Quantum Approximate Optimization Algorithm applied to the binary perceptron
This work addresses a supervised learning task in neural networks, but it is incremental as it applies existing quantum methods to a new classical problem with non-local interactions.
The researchers tackled the problem of optimizing synaptic weights for the binary perceptron using quantum algorithms, specifically digitized Quantum Annealing (QA) and Quantum Approximate Optimization Algorithm (QAOA), and found that QAOA outperformed traditional QA with evidence of optimal, transferable parameter solutions.

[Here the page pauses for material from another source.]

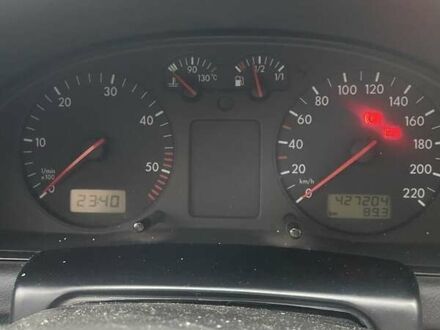 Синий Фольксваген Пассат, объемом двигателя 1.9 л и пробегом 427 тыс. км за 3500 $, фото 1 на Automoto.ua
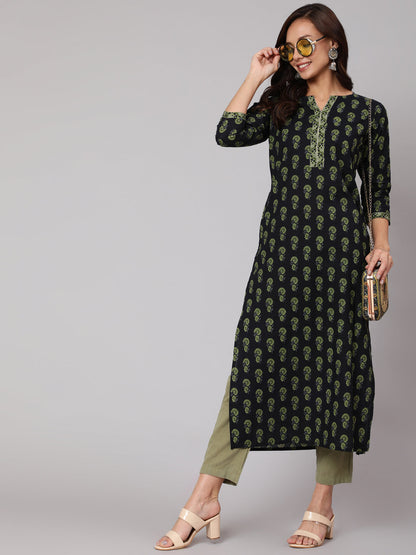 Blue Ethnic Printed Straight Kurta With Three Quarter Sleeves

We apply digitized Quantum Annealing (QA) and Quantum Approximate Optimization Algorithm (QAOA) to a paradigmatic task of supervised learning in artificial neural networks: the optimization of synaptic weights for the binary perceptron. At variance with the usual QAOA applications to MaxCut, or to quantum spin-chains ground state preparation, the classical Hamiltonian is characterized by highly non-local multi-spin interactions. Yet, we provide evidence for the existence of optimal smooth solutions for the QAOA parameters, which are transferable among typical instances of the same problem, and we prove numerically an enhanced performance of QAOA over traditional QA. We also investigate on the role of the QAOA optimization landscape geometry in this problem, showing that the detrimental effect of a gap-closing transition encountered in QA is also negatively affecting the performance of our implementation of QAOA.